John inherited by 1552, two years after his father’s death, and married Douglas Howard (1542-43 – 1608), the eldest of the three daughters of the 1st Baron Howard of Effingham, in 1560. I found his portrait in the Strawberry Hill Great Sale Catalogue of 1842, where it is described as: ‘Portrait of John Sheffield husband of Lady Douglas Sheffield on whose account it was surmised that he was poisoned by R[obert] Earl of Leicester by Sir Antonio More’.
Of course this is not the only painting said to be by Antonis Mor, which Walpole housed in the Great Gallery. My hunt for the lost treasures led me on the trail of a portrait of Marguerite de Valois, Duchess of Savoy, also attributed to Mor by Walpole. As I prepared to trawl through the records for any sign of the Baron, I wondered whether he would return to me as easily as Marguerite, whom I discovered buried in the pages of the catalogue raisonné of Willem Key during one of my research trips to the Warburg Institute.
Just as I had done while searching for Giorgione’s young man in fur, I consulted the Gentleman Magazine’s detailed review of the 1842 Great Sale. I learned that the painting of the Baron is inscribed with ‘Anno 1552 aetatis 31’. He was painted in 1552 at the age of 31.

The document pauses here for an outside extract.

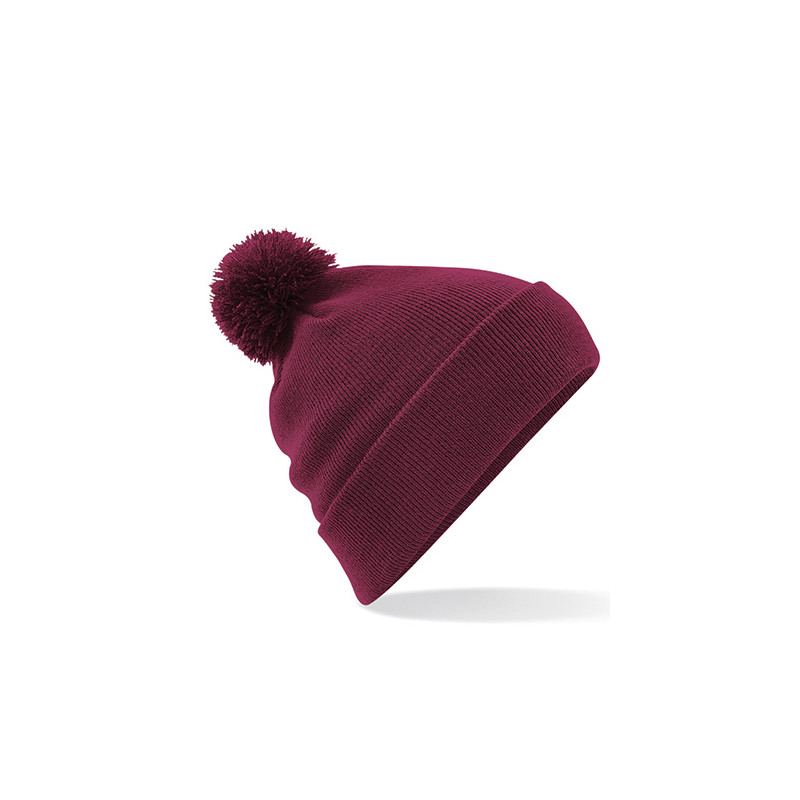 copy of Czapka zimowa dzianinowa Twist-Knit z pomponem copy of Czapka zimowa dzianinowa Twist-Knit z pomponem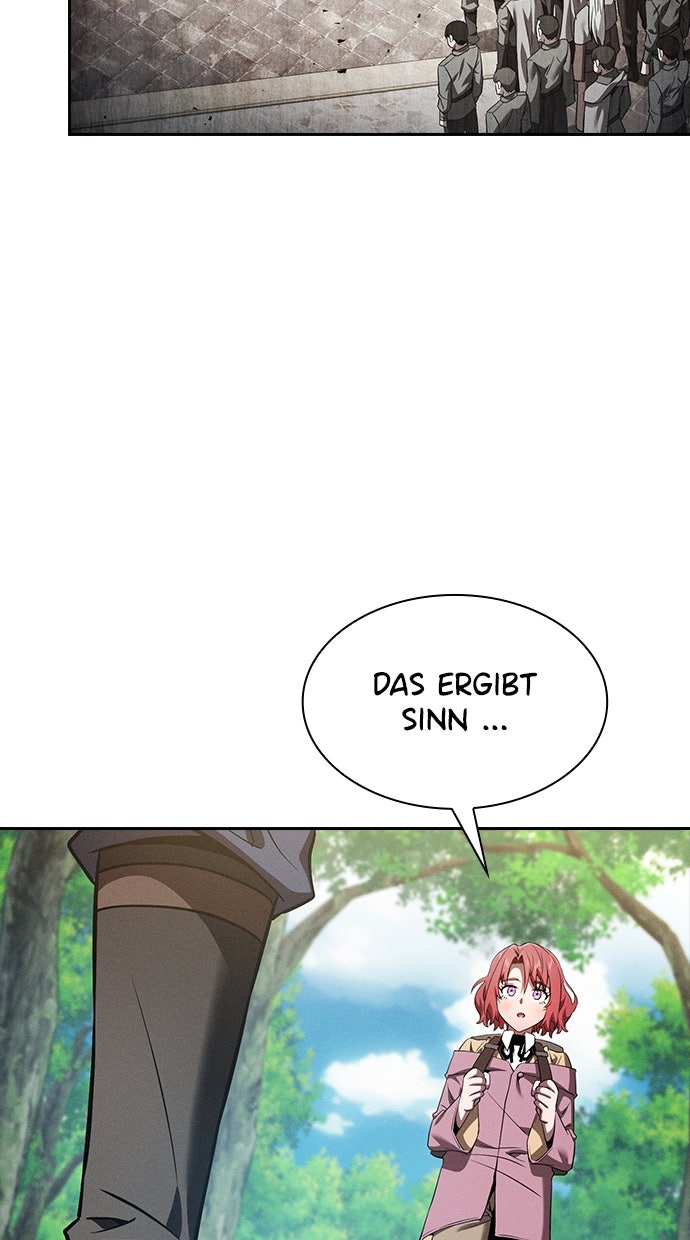 Read Der geniale Schwert - Kämpfer der Akademie Manga Online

How did the 31yr-old nobleman of Butterwick, Lincolnshire come to reside in Walpole’s glittering Gallery? The clue came in the form of a letter to Lord Hardwicke, which Walpole penned on 29 January 1777. I am astonished to discover that the portrait featured on a long shopping list of artworks, which Walpole purchased from Buckingham House on 25 February 1763 when Sir Charles Sheffield sold it to King George III.

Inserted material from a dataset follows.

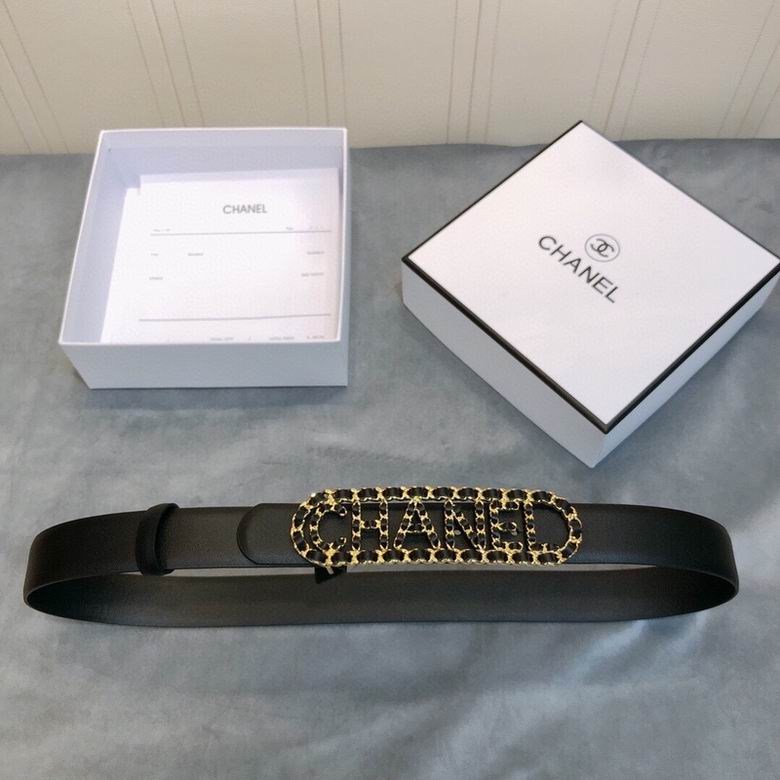 Chanel 30mmX95-110cm 7d (377)_457253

Together with the Baron, Walpole took home a number of drawings after the now lost originals by Holbein and Lucas Vorsterman among others. I marvelled at Walpole’s foresight in gathering together such invaluable pieces. Could I possibly hope to return all of them to his former home? My resolve hardened as I returned to the Great Sale catalogue to search for more crumbs left by Mor’s Baron.

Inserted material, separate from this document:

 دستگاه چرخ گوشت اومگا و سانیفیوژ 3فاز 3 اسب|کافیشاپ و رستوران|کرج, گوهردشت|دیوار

I pored over the entry for Day XXI, lot 63. The painting was bought by a ‘Richard R. Preston Esq.’ at the Strawberry Hill sale for £14.14.0. Richard Rushton Preston of Preston Patrick in Kendale (1811-1845). Thirsting for a more detailed history of this man I make a visit to the National Archives at Kew where I locate his Will dating from 1848. It seems Richard was quite fond of the Baron. He kept the painting to the very end, only after which it passed through several sales during the 20th century including:
I arrived at a roadblock. Where had our Baron gone to after the 1937 sale? Did he remain with the buyer who attended Leggatt Brothers that April or had he since changed hands again? I had been hurtling along a high-speed chase, leaping seamlessly from one clue to another and all of a sudden I began to tread water. I wondered if I might find anything in the Heinz Archive at the National Portrait Gallery to put me firmly back on track. The records held there had been so instrumental to my discovery of the two versions of the missing Falkland portrait so I hightailed it back to Orange Street.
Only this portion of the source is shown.